*** Supplied material Section Begins ***

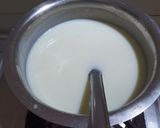 A picture of step 2 of Chocolate ice cream(with GMS and CMC powder).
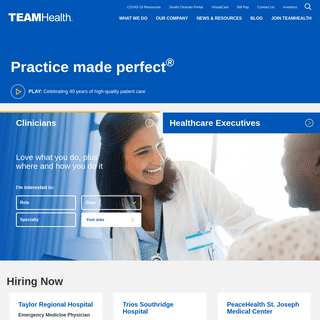 A complete backup of https://teamhealth.com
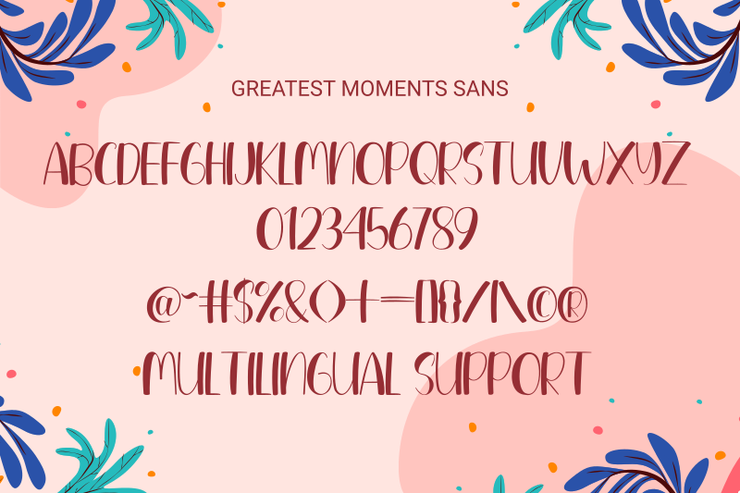 Greatest Moments Sans字体 4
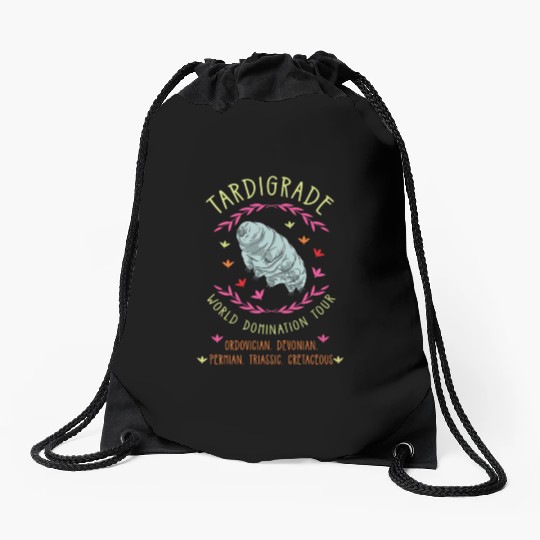 Tardigrade World Domination Tour Drawstring Bags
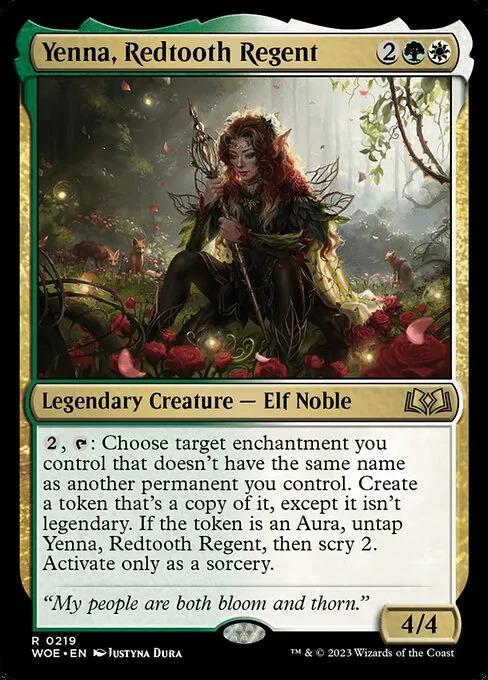 Wilds of Eldraine Best Commanders - Yenna in the grove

*** Supplied material Section Ends ***

Exercise instructions: What is needed is an exact printout of every record above, with the pictures left out.

Solution to this problem:
 A picture of step 2 of Chocolate ice cream(with GMS and CMC powder).
 A complete backup of https://teamhealth.com
 Greatest Moments Sans字体 4
 Tardigrade World Domination Tour Drawstring Bags
 Wilds of Eldraine Best Commanders - Yenna in the grove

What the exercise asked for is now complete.